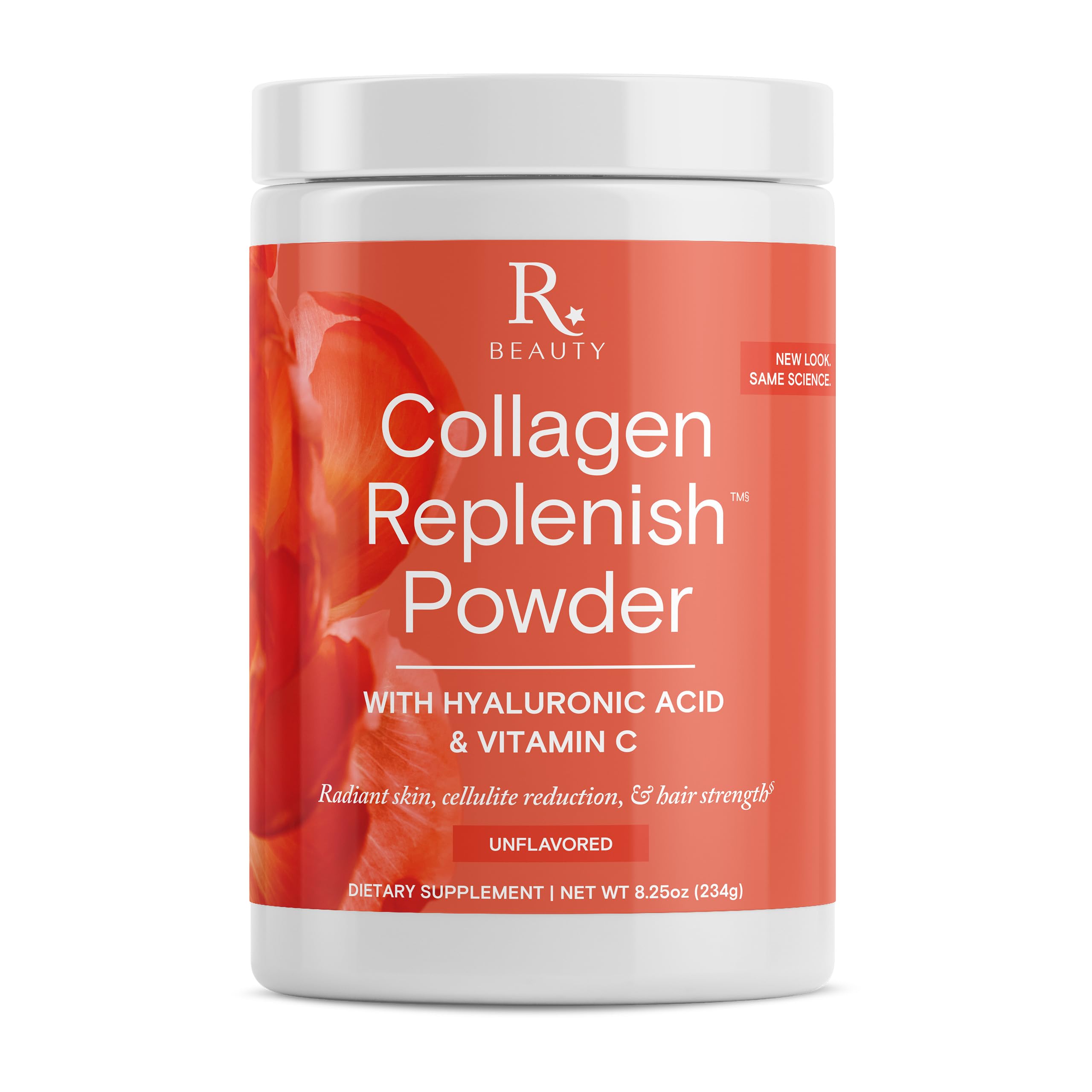 Reserveage Nutrition Collagen Replenish Powder with Hyaluronic Acid & Vitamin C - No-Taste Collagen for Radiant Skin Care, Hair Growth & Cellulite Reduction - Mixes Easily - 8.25 oz
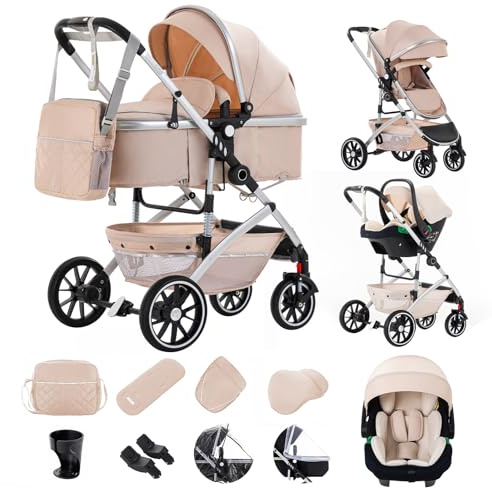 Gcarebb Passeggino 3 in 1 con seggiolino auto, portatile, con un clic, pieghevole, con telaio in alluminio, per neonati da 0 a 4 anni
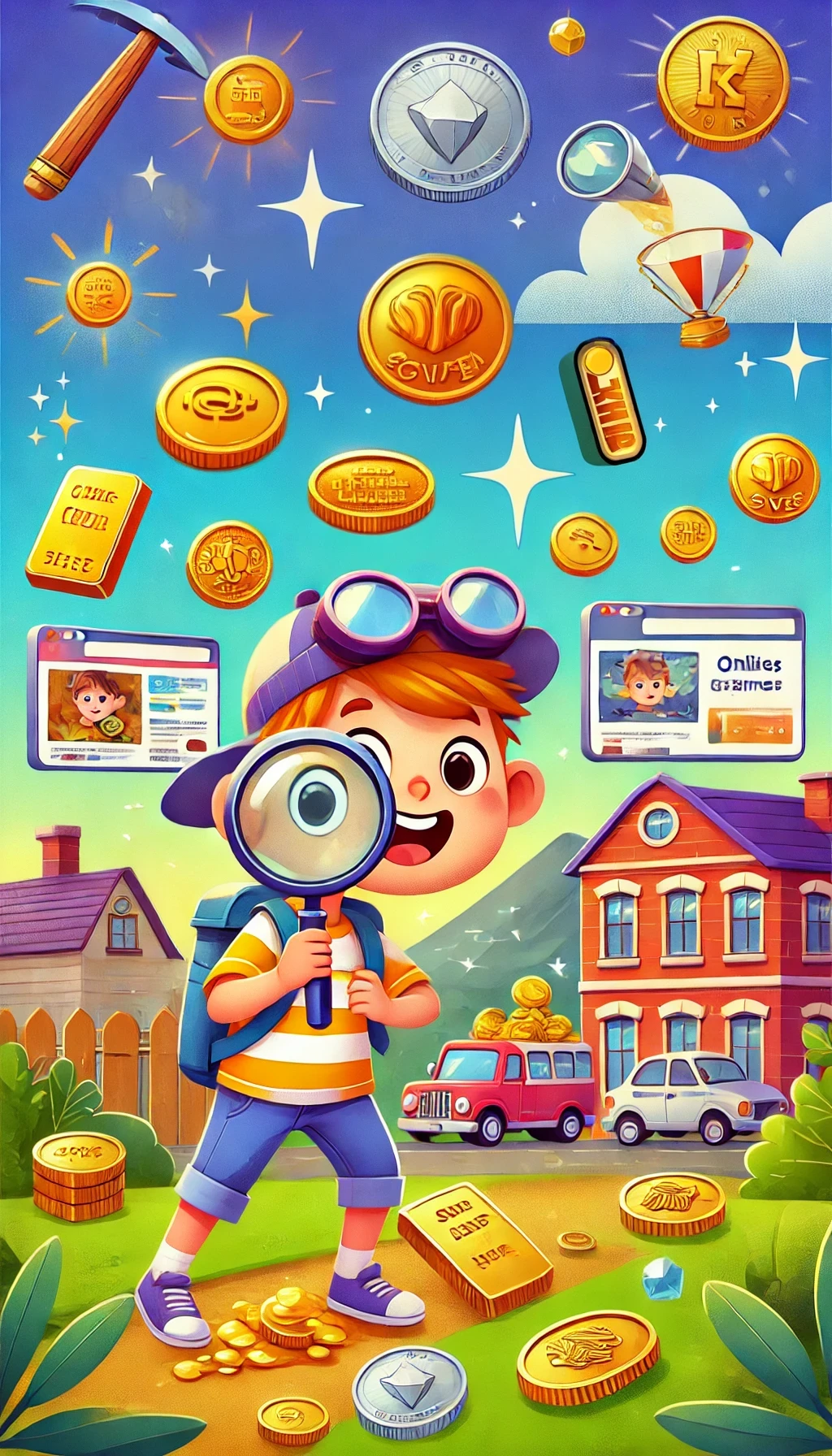 A vibrant and adventurous image showing a kid on a treasure hunt with a magnifying glass, exploring their home or neighborhood for shiny objects like old coins or jewelry. The image also includes elements like online games or videos about gold, silver, and other precious metals, depicting the excitement of discovering their authenticity or value, creating a fun and educational tone suitable for a young audience.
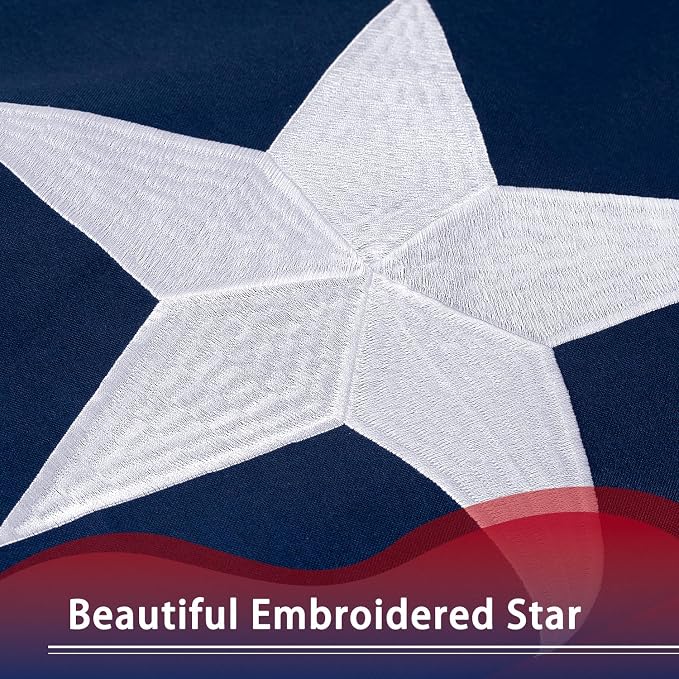 American Flag 15X25 ft Deluxe Super Tough Series, Heavy Duty Spun Polyester, 6 Brass Grommets, All Weather Extra Large US Flag USA High Wind with Embroidered Stars, Oversized Flags Outdoor Outside
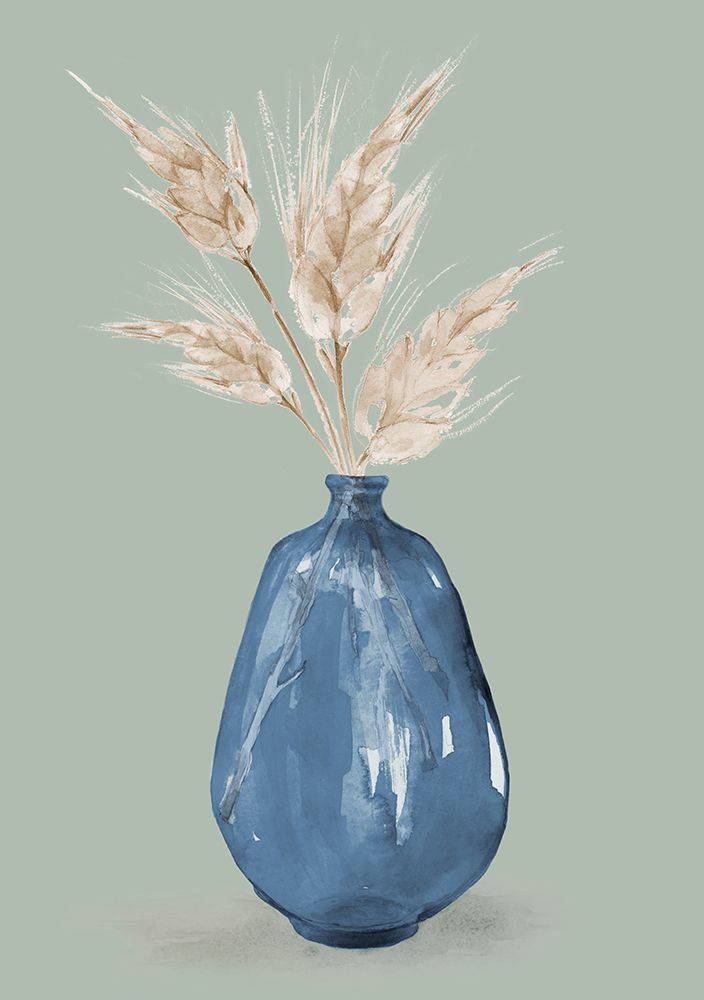 Oat Stems In Blue Vase art print by Lanie Loreth for $57.95 CAD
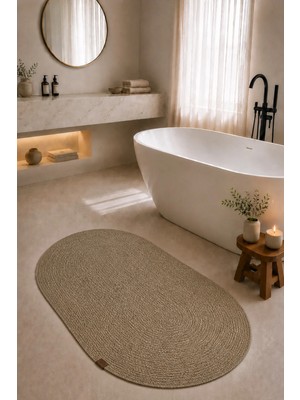 TAIBA COTTON Jüt Hasır Lüks Banyo Paspas, Düz Yıkanabilir 2'li Klozet Takımı - Bej 40X60 + 60X100 cm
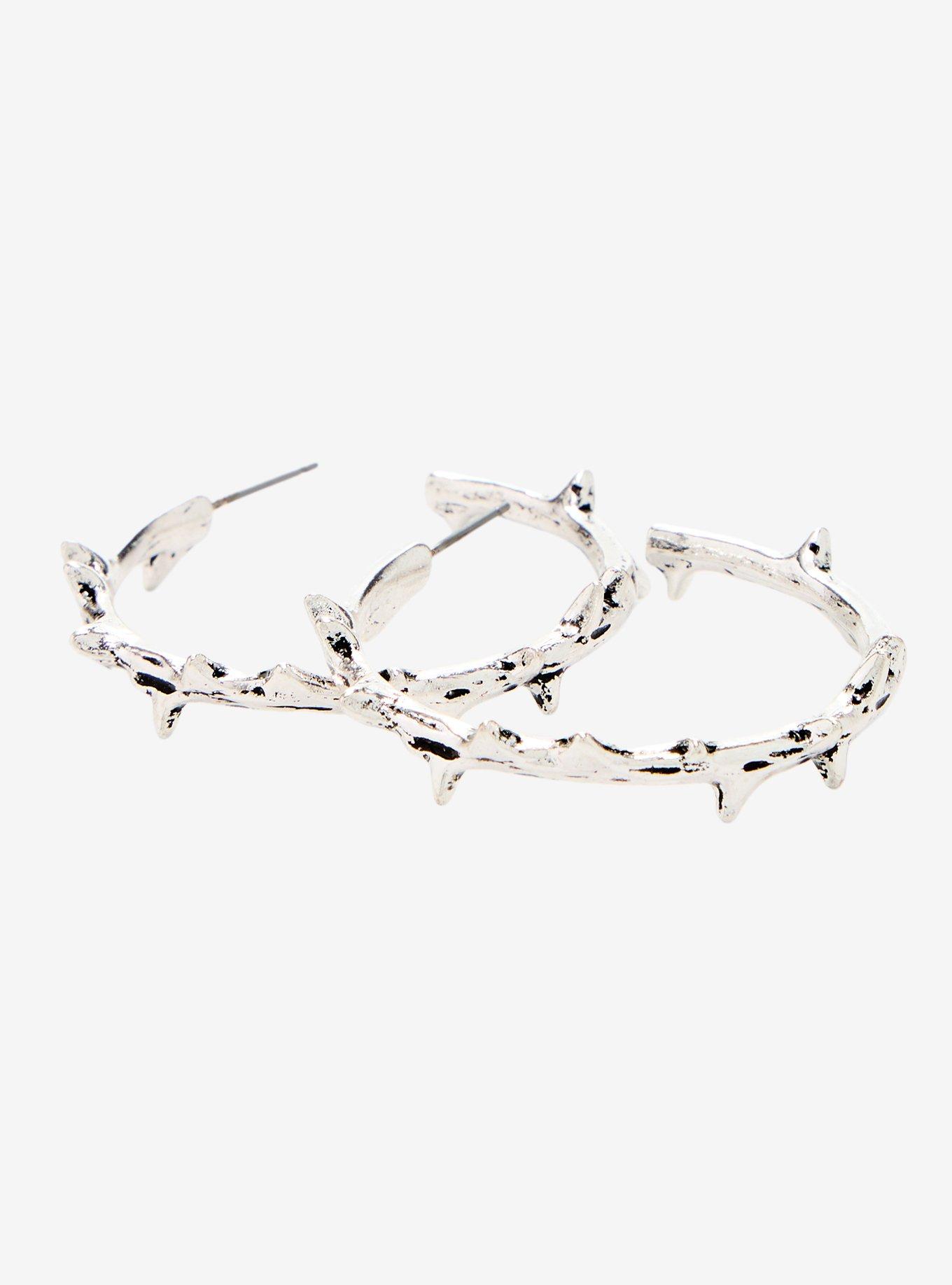 Cosmic Aura Spiky Thorns Hoop Earrings, , alternate - view 3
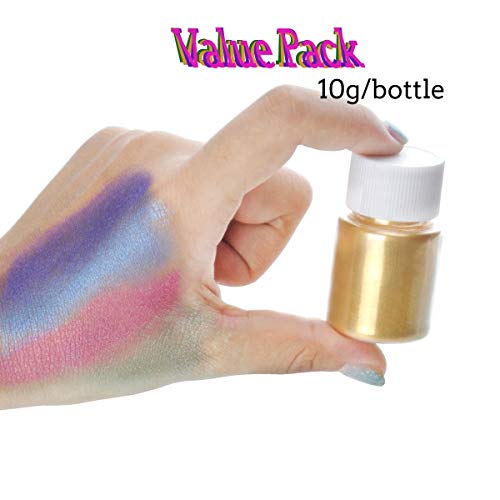 Dewel 20 Botes 10g pigmentos en polvo de Mica para teñir resina epoxi transparente,colorante jabon, bombas de baño, hacer slime, Maquillaje,uñas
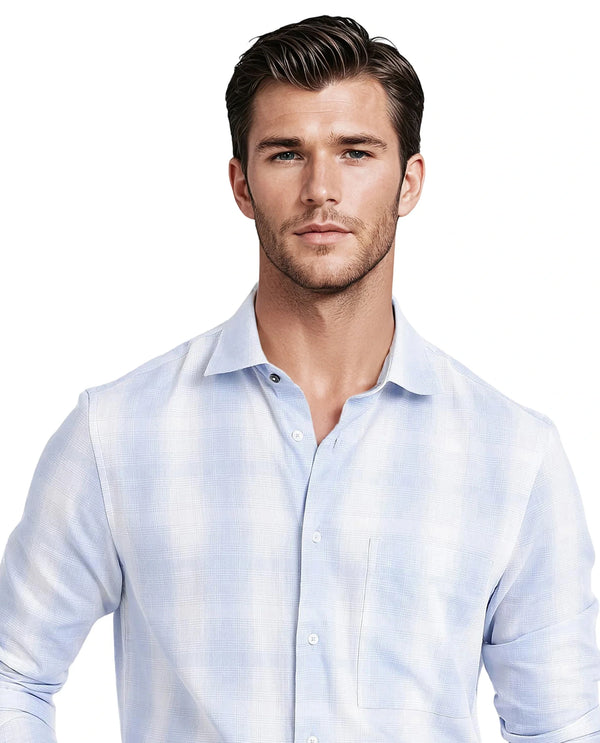 Rare Rabbit Men's Loto Light Blue Cotton Fabric Full Sleeve Regular Fit Checks Shirt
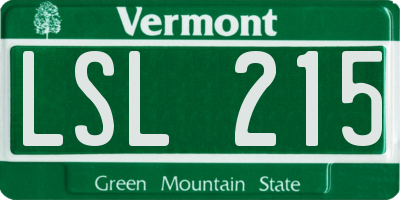 VT license plate LSL215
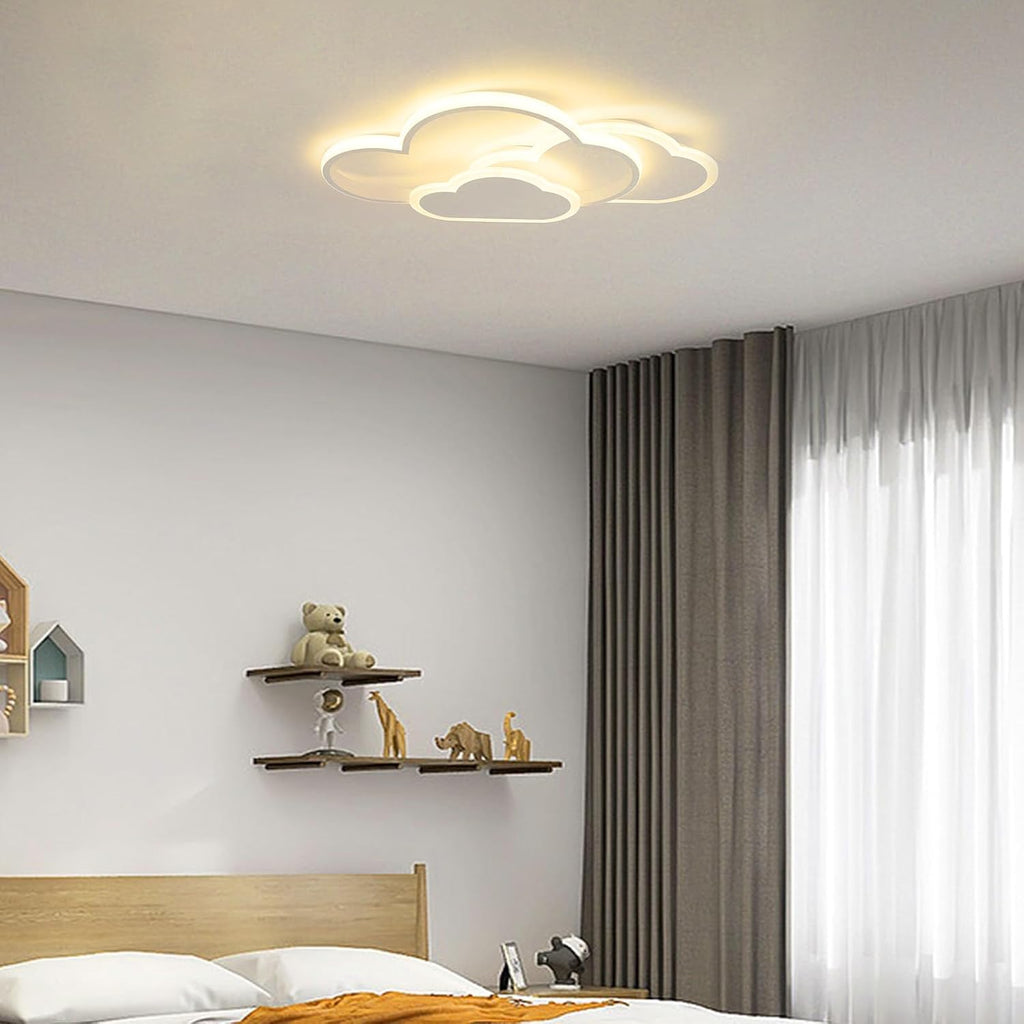 Cloud-Shaped LED Ceiling Light, 20W Flush Mount Fixture, White Acrylic Shade, Color Switch 3000-6000K, 52cm Wide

_ _ _ _ _ _ _

## TASK TO COMPLETE
Please set down every line of the listing verbatim, excluding its pictures.

## OUTPUT
 Reserveage Nutrition Collagen Replenish Powder with Hyaluronic Acid & Vitamin C - No-Taste Collagen for Radiant Skin Care, Hair Growth & Cellulite Reduction - Mixes Easily - 8.25 oz
 Gcarebb Passeggino 3 in 1 con seggiolino auto, portatile, con un clic, pieghevole, con telaio in alluminio, per neonati da 0 a 4 anni
 A vibrant and adventurous image showing a kid on a treasure hunt with a magnifying glass, exploring their home or neighborhood for shiny objects like old coins or jewelry. The image also includes elements like online games or videos about gold, silver, and other precious metals, depicting the excitement of discovering their authenticity or value, creating a fun and educational tone suitable for a young audience.
 American Flag 15X25 ft Deluxe Super Tough Series, Heavy Duty Spun Polyester, 6 Brass Grommets, All Weather Extra Large US Flag USA High Wind with Embroidered Stars, Oversized Flags Outdoor Outside
 Oat Stems In Blue Vase art print by Lanie Loreth for $57.95 CAD
 TAIBA COTTON Jüt Hasır Lüks Banyo Paspas, Düz Yıkanabilir 2'li Klozet Takımı - Bej 40X60 + 60X100 cm
 Cosmic Aura Spiky Thorns Hoop Earrings, , alternate - view 3
 Dewel 20 Botes 10g pigmentos en polvo de Mica para teñir resina epoxi transparente,colorante jabon, bombas de baño, hacer slime, Maquillaje,uñas
 Rare Rabbit Men's Loto Light Blue Cotton Fabric Full Sleeve Regular Fit Checks Shirt
 VT license plate LSL215
 Cloud-Shaped LED Ceiling Light, 20W Flush Mount Fixture, White Acrylic Shade, Color Switch 3000-6000K, 52cm Wide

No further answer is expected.